Try it: Please retype, unchanged, each line from the top of the material below through the line where "And so we always" appears.
· · · · ·
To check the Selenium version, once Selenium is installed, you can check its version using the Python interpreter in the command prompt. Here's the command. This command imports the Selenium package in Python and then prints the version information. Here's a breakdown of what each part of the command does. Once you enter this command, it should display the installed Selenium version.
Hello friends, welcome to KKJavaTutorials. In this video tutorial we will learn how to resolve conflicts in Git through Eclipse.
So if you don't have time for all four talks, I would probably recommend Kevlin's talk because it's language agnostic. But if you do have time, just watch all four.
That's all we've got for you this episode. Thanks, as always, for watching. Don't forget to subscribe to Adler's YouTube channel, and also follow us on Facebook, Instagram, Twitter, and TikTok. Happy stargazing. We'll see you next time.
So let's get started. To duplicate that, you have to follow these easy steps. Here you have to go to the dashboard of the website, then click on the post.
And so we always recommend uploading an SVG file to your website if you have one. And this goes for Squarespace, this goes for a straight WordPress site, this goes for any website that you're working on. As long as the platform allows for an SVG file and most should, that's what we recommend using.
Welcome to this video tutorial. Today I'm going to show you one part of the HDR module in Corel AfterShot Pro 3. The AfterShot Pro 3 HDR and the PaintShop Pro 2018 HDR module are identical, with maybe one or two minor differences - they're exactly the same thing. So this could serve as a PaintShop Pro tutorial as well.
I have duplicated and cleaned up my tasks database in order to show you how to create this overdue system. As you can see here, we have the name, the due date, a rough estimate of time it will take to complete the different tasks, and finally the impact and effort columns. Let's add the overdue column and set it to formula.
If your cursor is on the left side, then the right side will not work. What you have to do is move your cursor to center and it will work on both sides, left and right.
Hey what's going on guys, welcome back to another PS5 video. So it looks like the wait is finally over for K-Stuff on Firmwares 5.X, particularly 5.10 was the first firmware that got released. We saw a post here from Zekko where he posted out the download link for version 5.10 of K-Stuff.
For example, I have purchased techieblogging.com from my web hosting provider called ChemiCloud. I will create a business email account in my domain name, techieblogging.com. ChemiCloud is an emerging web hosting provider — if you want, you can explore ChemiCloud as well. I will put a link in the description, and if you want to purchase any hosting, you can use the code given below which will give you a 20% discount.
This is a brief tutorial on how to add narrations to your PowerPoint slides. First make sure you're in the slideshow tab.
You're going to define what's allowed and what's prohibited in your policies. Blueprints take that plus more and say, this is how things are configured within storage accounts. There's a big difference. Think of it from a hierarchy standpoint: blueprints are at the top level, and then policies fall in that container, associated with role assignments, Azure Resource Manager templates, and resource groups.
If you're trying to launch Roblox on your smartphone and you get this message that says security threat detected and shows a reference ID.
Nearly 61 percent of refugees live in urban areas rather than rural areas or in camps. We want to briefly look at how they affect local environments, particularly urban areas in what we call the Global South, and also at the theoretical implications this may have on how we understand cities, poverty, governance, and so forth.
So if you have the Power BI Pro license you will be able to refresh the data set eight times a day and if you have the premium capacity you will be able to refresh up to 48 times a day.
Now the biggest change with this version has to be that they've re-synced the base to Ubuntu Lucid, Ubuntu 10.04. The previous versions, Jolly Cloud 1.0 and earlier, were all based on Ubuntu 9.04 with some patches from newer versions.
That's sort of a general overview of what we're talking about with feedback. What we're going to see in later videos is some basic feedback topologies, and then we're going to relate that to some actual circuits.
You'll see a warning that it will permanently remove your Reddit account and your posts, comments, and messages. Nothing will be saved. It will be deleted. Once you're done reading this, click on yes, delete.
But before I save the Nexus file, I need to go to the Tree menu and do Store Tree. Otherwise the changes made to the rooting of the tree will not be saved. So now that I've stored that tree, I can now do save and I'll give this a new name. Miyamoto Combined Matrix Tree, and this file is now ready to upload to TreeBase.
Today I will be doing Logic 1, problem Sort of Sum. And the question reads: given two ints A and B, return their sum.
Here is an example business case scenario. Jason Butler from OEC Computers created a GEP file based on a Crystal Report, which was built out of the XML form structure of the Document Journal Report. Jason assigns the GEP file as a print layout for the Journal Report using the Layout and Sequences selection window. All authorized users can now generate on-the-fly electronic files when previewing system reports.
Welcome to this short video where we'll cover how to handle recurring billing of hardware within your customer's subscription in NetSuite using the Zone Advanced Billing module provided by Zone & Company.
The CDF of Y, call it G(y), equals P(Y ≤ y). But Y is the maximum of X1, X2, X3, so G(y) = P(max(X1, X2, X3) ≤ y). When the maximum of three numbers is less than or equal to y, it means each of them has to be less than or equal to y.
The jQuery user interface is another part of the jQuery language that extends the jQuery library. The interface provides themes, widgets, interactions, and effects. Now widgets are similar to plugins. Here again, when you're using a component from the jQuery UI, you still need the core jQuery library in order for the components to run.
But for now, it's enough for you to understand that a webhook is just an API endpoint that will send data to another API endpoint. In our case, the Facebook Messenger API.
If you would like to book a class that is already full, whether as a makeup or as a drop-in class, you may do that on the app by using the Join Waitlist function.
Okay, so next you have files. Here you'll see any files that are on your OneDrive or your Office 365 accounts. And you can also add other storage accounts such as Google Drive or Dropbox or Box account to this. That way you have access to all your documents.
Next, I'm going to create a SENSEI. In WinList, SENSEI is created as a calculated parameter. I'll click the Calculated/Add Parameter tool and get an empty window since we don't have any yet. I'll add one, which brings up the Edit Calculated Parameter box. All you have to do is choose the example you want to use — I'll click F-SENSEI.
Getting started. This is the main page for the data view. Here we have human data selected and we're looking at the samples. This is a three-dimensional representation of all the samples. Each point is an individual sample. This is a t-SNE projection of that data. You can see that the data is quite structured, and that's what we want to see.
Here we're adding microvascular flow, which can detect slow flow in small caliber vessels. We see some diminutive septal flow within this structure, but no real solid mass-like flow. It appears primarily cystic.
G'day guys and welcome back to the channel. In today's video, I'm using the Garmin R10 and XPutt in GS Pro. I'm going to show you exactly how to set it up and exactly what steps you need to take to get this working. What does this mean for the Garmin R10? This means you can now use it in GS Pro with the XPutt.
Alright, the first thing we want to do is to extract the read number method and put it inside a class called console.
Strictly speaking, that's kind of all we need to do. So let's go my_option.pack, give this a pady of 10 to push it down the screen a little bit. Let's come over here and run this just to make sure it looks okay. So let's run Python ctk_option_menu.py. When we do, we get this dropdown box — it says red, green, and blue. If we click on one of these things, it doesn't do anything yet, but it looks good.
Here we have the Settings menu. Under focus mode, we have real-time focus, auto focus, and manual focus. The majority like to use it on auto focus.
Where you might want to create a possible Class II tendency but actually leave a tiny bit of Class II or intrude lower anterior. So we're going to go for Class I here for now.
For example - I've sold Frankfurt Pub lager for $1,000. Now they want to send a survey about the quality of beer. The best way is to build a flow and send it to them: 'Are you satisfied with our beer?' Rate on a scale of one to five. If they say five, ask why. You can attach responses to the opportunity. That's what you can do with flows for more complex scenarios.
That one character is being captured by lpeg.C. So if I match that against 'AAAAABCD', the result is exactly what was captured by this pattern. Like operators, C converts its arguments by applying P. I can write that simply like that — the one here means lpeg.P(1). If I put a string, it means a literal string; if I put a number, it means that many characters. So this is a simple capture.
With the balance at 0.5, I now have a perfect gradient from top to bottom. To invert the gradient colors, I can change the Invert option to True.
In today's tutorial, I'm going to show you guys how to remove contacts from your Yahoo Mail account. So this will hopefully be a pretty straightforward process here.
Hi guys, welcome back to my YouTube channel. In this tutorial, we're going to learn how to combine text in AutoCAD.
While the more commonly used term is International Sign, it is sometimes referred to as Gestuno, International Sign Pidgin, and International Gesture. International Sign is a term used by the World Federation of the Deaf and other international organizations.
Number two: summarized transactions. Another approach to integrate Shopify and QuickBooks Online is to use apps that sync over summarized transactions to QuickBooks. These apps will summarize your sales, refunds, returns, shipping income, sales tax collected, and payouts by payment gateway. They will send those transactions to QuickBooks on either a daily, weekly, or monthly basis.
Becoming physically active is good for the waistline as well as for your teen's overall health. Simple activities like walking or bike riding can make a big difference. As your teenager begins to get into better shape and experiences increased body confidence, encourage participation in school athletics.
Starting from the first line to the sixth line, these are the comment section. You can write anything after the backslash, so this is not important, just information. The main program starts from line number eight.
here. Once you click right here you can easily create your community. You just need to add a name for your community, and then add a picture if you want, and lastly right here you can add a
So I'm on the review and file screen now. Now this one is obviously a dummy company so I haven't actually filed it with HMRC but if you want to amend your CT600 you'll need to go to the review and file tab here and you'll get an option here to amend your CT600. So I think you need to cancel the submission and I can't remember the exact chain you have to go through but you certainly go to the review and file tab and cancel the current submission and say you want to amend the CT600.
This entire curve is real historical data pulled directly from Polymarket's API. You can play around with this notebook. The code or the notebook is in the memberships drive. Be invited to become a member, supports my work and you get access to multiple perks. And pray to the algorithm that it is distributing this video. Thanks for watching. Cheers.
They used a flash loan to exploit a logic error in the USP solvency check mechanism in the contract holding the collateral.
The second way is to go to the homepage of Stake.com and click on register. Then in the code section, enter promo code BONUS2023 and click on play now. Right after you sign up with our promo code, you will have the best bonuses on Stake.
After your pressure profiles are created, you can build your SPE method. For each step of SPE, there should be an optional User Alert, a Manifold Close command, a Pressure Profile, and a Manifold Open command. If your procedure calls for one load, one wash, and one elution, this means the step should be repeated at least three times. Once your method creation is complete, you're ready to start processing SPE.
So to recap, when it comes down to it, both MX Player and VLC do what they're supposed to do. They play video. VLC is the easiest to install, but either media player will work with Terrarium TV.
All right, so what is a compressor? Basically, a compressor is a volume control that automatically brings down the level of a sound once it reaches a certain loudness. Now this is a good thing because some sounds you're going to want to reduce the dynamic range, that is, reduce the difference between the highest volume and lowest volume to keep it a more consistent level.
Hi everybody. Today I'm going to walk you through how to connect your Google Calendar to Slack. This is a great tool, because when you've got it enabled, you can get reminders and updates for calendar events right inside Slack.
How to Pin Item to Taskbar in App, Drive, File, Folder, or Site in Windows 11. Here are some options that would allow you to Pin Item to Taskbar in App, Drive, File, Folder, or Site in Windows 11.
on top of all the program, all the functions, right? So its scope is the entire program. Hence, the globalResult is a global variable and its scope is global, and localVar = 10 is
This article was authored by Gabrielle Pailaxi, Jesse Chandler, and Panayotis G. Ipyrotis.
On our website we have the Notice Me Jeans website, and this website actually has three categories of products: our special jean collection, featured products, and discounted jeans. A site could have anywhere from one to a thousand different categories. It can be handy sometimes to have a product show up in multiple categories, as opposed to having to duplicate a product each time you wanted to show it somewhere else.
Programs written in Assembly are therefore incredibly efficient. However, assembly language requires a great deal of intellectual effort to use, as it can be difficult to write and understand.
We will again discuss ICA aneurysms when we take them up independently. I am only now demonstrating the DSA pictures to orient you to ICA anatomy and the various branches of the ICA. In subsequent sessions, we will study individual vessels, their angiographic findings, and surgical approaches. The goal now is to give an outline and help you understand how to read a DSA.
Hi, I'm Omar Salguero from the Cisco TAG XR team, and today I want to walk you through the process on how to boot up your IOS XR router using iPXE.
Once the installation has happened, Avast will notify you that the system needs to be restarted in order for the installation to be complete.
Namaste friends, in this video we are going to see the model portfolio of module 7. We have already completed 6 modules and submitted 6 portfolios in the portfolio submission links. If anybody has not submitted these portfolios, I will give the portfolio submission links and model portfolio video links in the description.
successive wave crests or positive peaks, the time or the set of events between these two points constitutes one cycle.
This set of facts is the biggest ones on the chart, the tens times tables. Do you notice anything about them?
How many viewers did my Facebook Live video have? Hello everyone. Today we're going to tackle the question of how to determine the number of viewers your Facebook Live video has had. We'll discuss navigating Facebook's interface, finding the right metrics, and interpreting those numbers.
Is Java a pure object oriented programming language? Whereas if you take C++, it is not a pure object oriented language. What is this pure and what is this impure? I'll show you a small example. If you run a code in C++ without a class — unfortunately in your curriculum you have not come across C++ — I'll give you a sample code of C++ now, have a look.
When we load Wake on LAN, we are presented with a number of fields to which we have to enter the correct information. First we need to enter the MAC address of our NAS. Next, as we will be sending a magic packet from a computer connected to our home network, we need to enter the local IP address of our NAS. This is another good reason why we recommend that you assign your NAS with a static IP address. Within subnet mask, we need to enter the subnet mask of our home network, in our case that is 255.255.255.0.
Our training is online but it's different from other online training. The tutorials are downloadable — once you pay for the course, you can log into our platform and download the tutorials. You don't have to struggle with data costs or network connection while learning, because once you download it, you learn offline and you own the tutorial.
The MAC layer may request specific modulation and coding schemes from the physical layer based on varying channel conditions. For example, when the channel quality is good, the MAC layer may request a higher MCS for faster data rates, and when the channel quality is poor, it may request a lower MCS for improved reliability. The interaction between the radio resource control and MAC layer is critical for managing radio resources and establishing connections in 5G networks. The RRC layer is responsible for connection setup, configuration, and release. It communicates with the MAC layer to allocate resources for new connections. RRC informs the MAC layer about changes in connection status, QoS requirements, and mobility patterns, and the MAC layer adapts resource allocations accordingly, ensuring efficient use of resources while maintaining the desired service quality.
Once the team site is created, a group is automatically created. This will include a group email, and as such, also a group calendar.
· · · · ·
Response to this exercise:
To check the Selenium version, once Selenium is installed, you can check its version using the Python interpreter in the command prompt. Here's the command. This command imports the Selenium package in Python and then prints the version information. Here's a breakdown of what each part of the command does. Once you enter this command, it should display the installed Selenium version.
Hello friends, welcome to KKJavaTutorials. In this video tutorial we will learn how to resolve conflicts in Git through Eclipse.
So if you don't have time for all four talks, I would probably recommend Kevlin's talk because it's language agnostic. But if you do have time, just watch all four.
That's all we've got for you this episode. Thanks, as always, for watching. Don't forget to subscribe to Adler's YouTube channel, and also follow us on Facebook, Instagram, Twitter, and TikTok. Happy stargazing. We'll see you next time.
So let's get started. To duplicate that, you have to follow these easy steps. Here you have to go to the dashboard of the website, then click on the post.
And so we always recommend uploading an SVG file to your website if you have one. And this goes for Squarespace, this goes for a straight WordPress site, this goes for any website that you're working on. As long as the platform allows for an SVG file and most should, that's what we recommend using.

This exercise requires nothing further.